The expected output is each line from the one containing "Rustic Lace &" to the last line of the data below, set down exactly, minus the pictures.

□ □ □ □ □

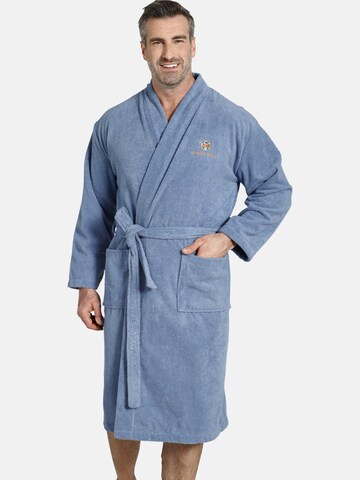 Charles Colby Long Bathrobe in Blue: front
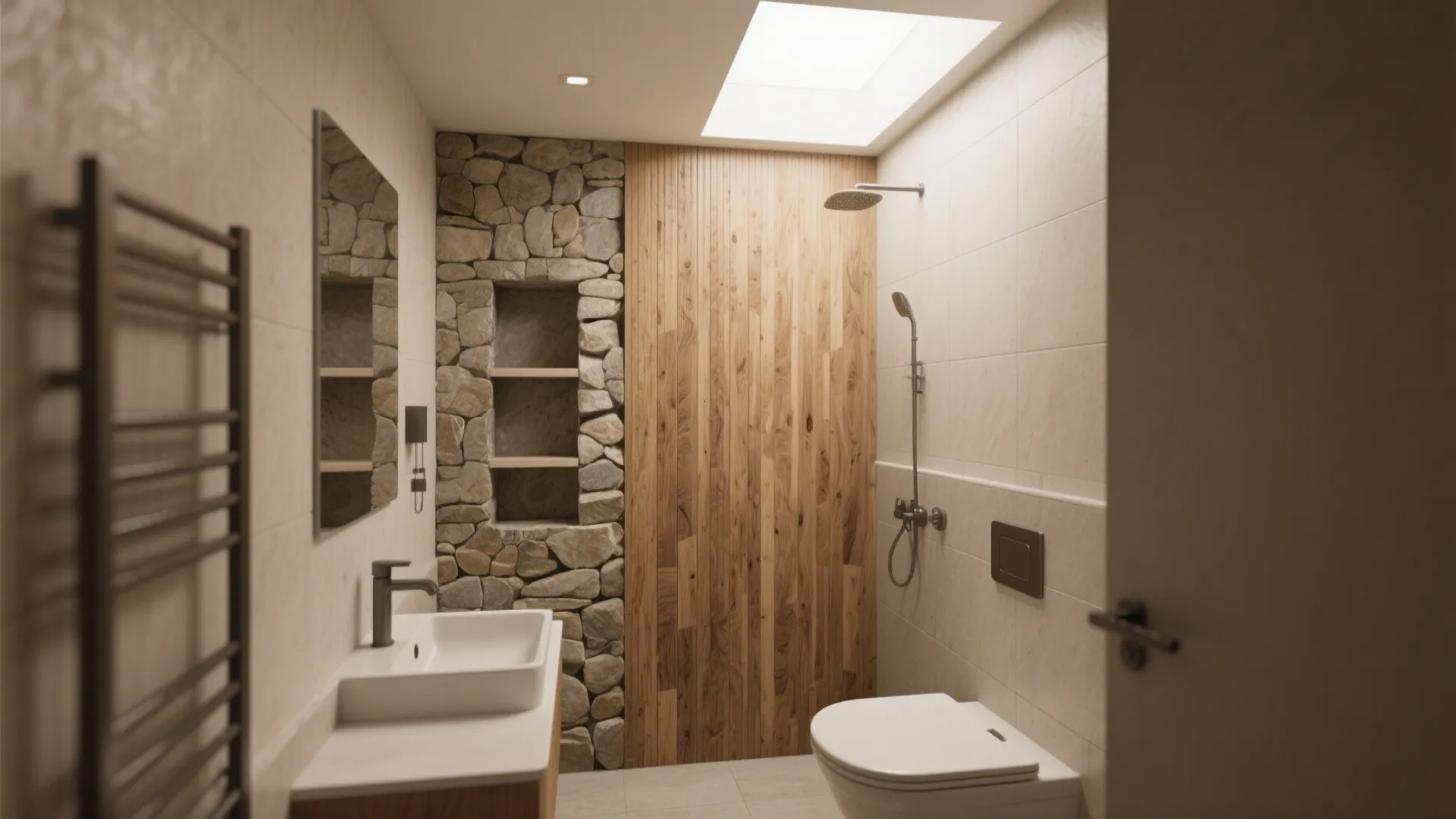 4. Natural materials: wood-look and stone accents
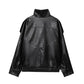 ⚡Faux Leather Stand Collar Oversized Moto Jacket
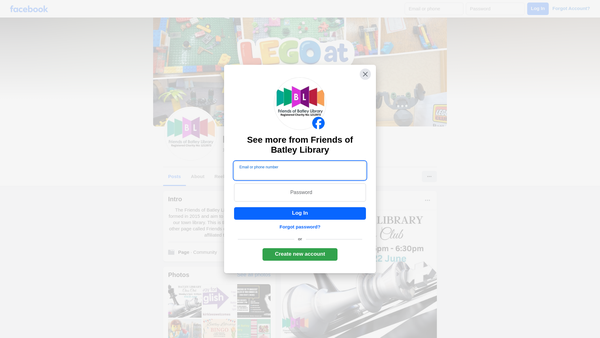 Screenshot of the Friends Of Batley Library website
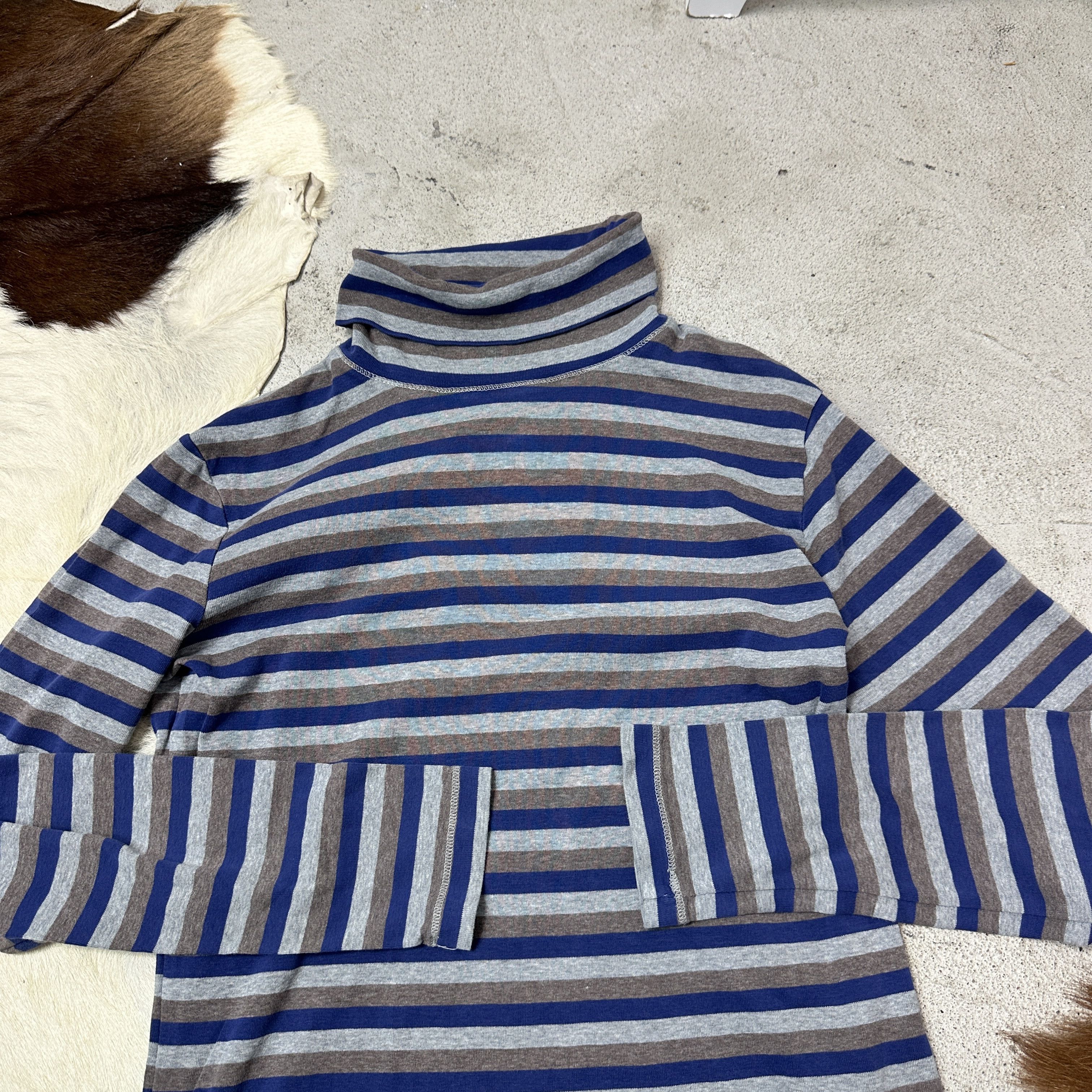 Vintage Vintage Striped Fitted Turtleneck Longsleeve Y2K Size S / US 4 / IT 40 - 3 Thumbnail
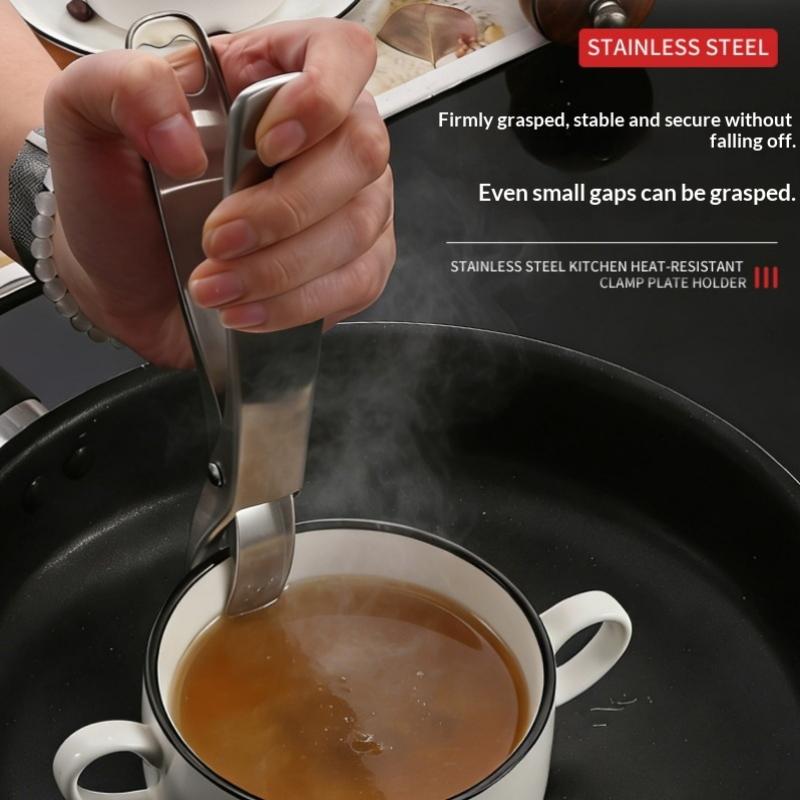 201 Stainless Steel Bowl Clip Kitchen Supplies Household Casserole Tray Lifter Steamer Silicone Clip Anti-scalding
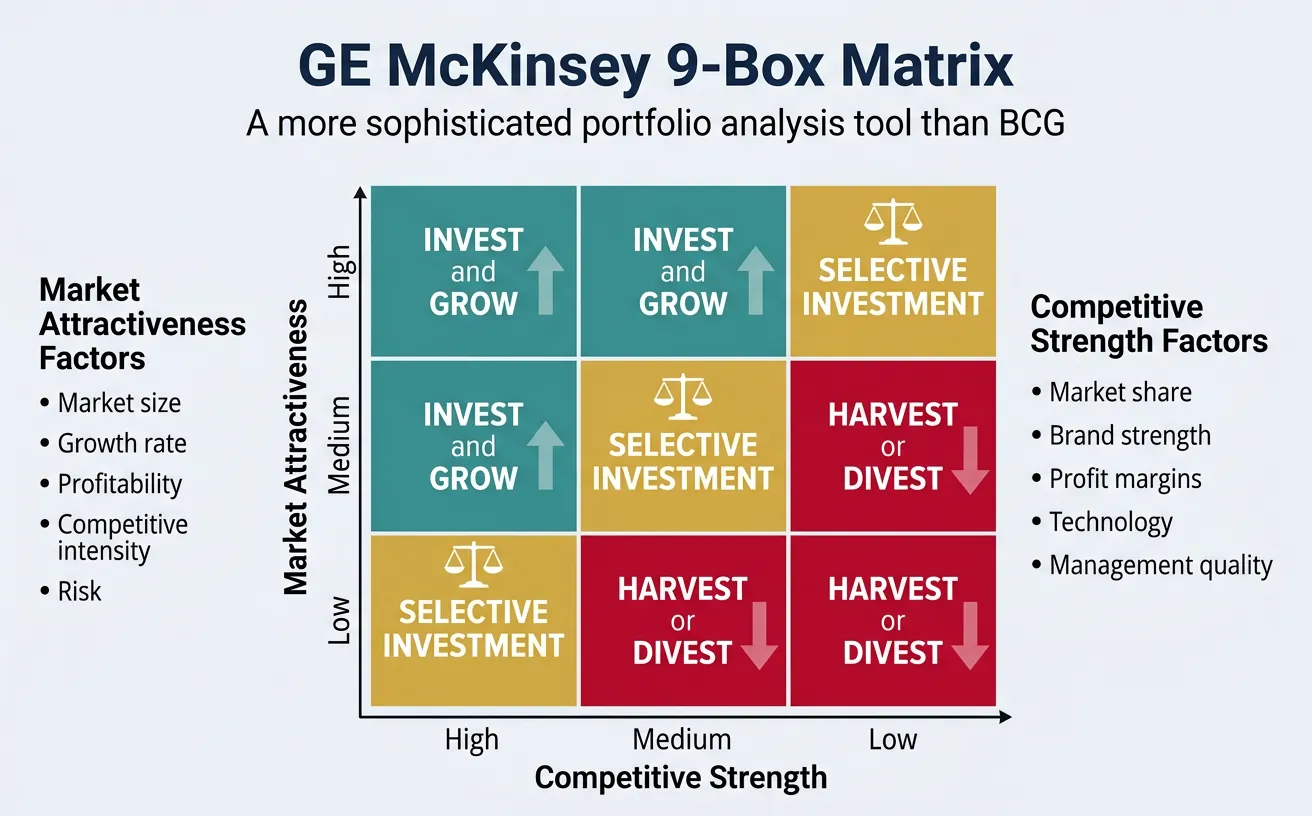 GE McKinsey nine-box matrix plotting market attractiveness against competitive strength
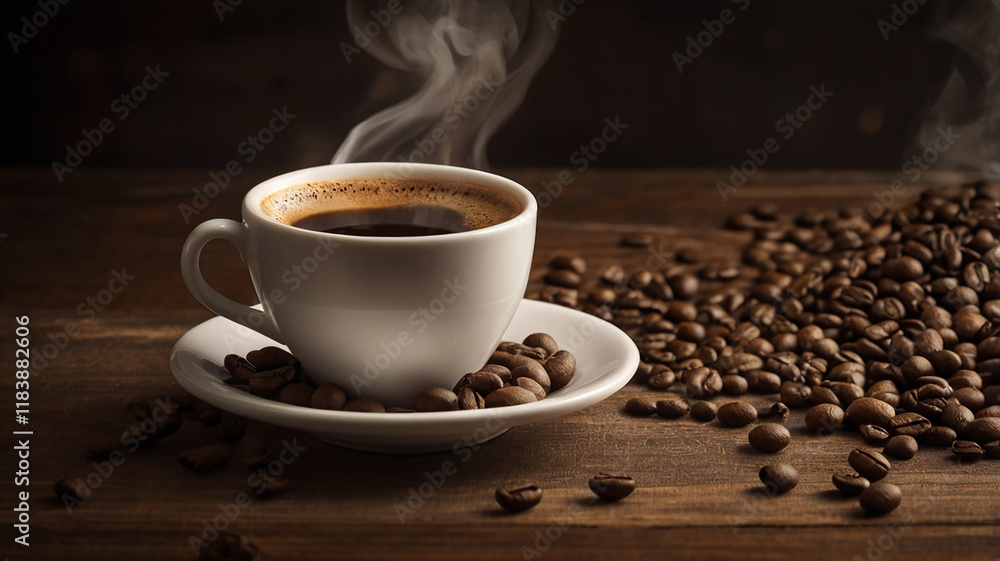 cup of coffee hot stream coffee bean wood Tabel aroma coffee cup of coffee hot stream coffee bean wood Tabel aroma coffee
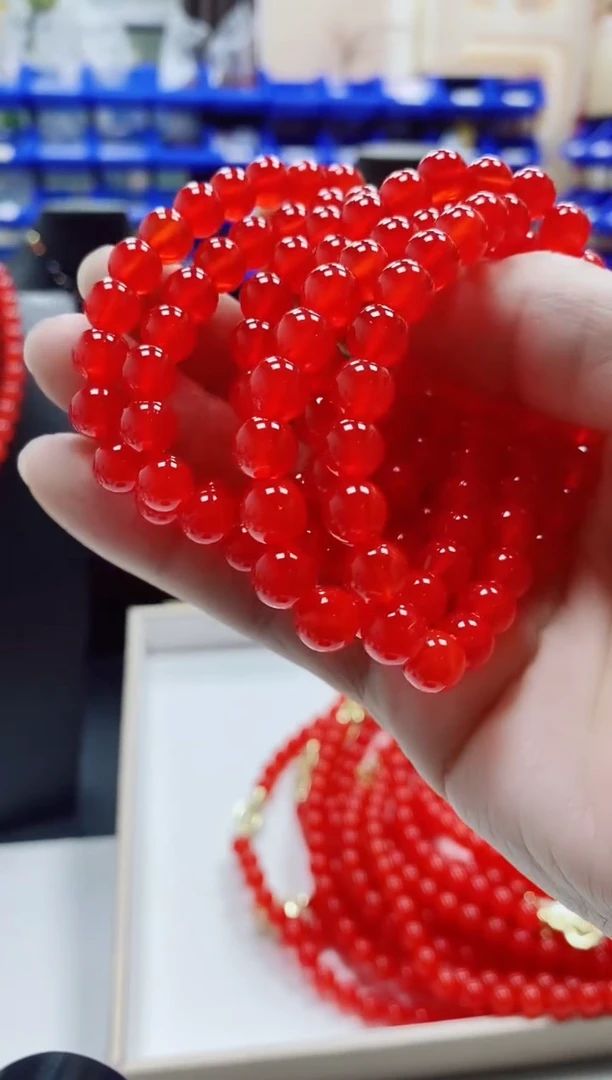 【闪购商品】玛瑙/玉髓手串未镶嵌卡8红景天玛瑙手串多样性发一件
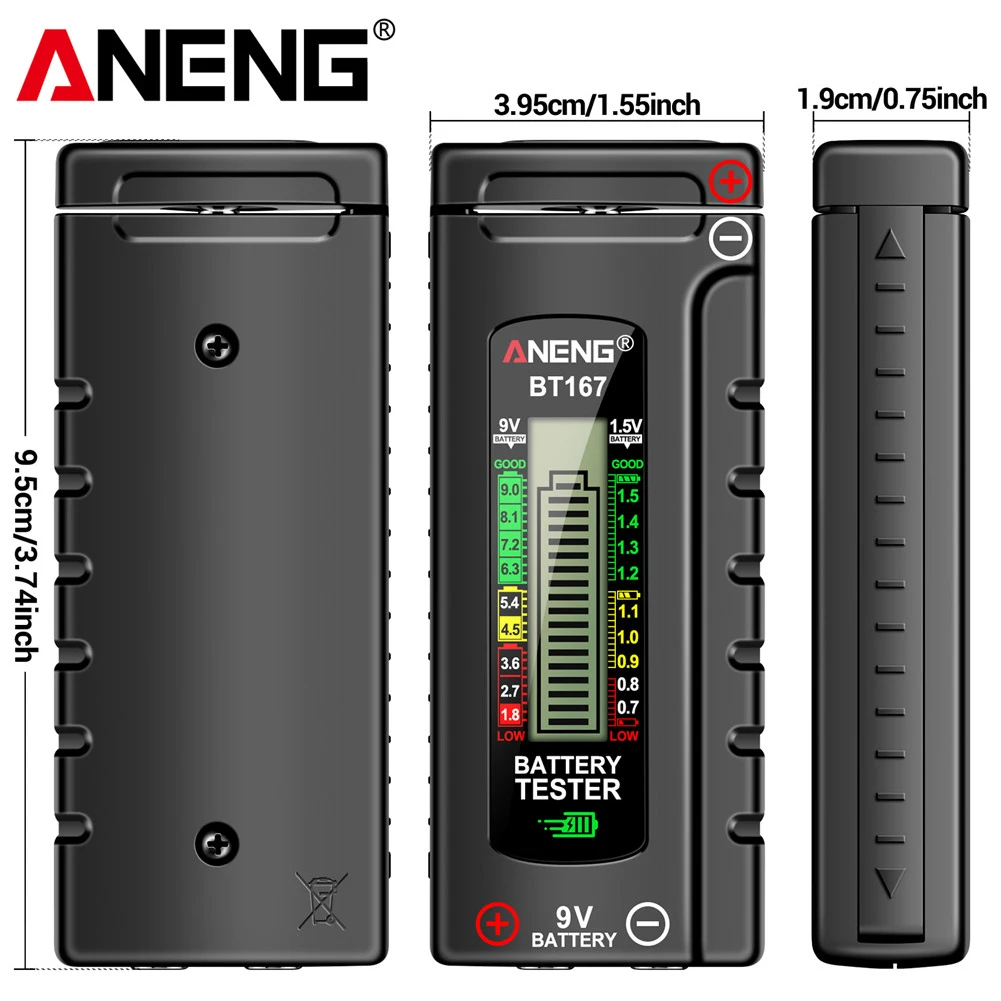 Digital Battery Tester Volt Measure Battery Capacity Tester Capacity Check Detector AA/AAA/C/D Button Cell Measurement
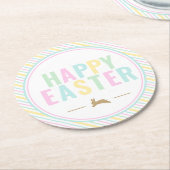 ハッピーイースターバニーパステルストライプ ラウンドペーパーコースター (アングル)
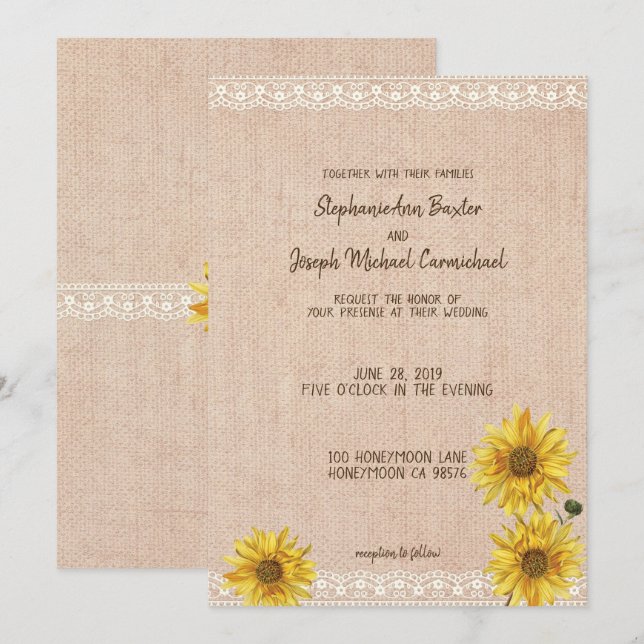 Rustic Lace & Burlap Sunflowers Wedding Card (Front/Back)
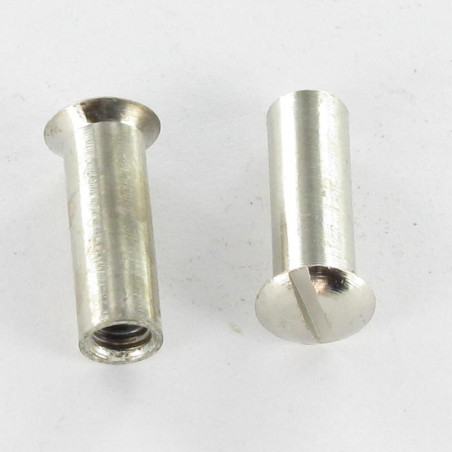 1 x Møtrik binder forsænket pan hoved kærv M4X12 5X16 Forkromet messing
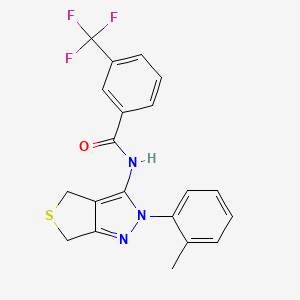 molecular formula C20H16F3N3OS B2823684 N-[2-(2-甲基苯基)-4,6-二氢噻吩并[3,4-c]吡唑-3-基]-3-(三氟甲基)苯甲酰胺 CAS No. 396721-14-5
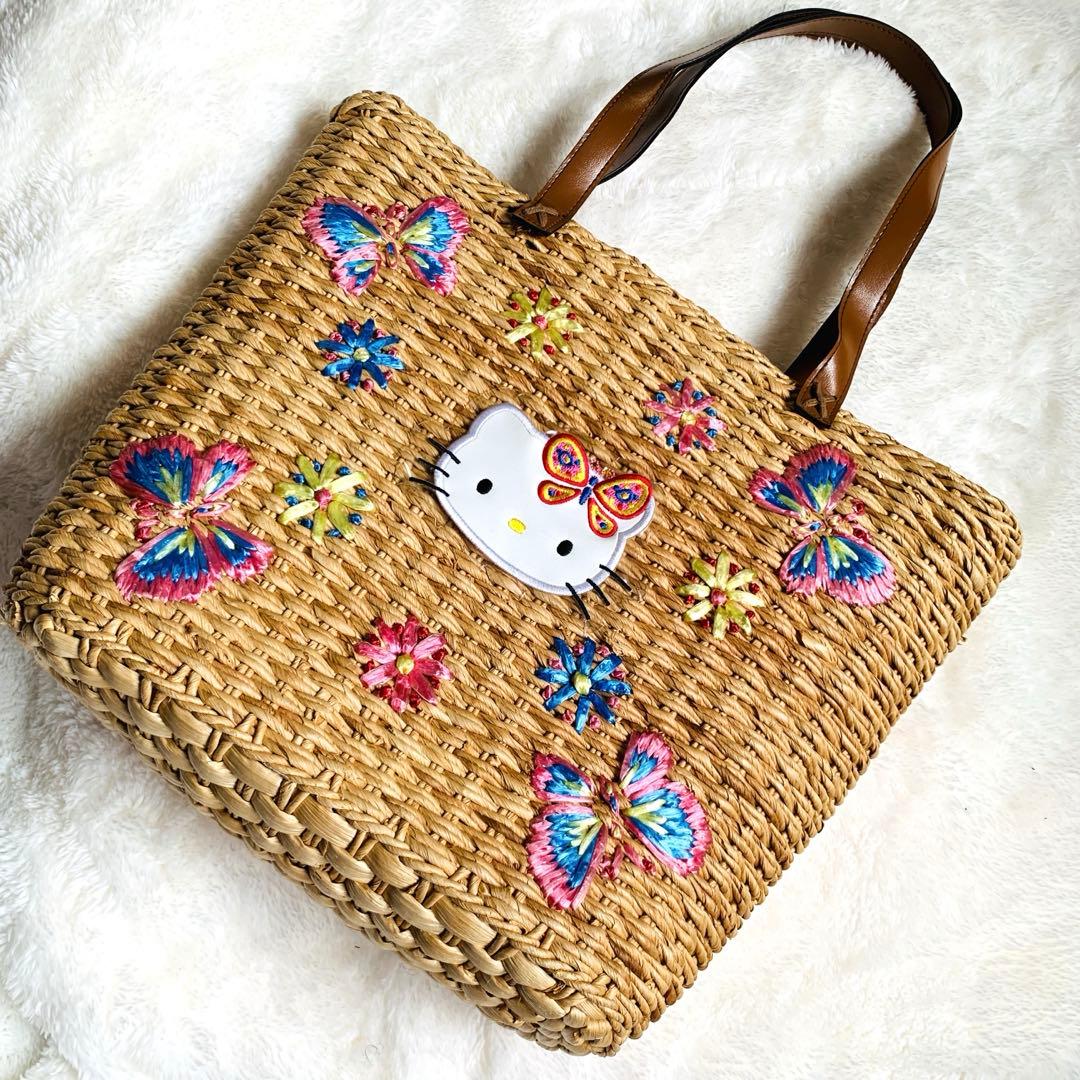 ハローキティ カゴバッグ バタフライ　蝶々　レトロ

□ □ □ □ □

Written answer:
 Rustic Lace & Burlap Sunflowers Wedding Card (Front/Back)
 1 x Møtrik binder forsænket pan hoved kærv M4X12 5X16 Forkromet messing
 molecular formula C20H16F3N3OS B2823684 N-[2-(2-甲基苯基)-4,6-二氢噻吩并[3,4-c]吡唑-3-基]-3-(三氟甲基)苯甲酰胺 CAS No. 396721-14-5
 ハローキティ カゴバッグ バタフライ　蝶々　レトロ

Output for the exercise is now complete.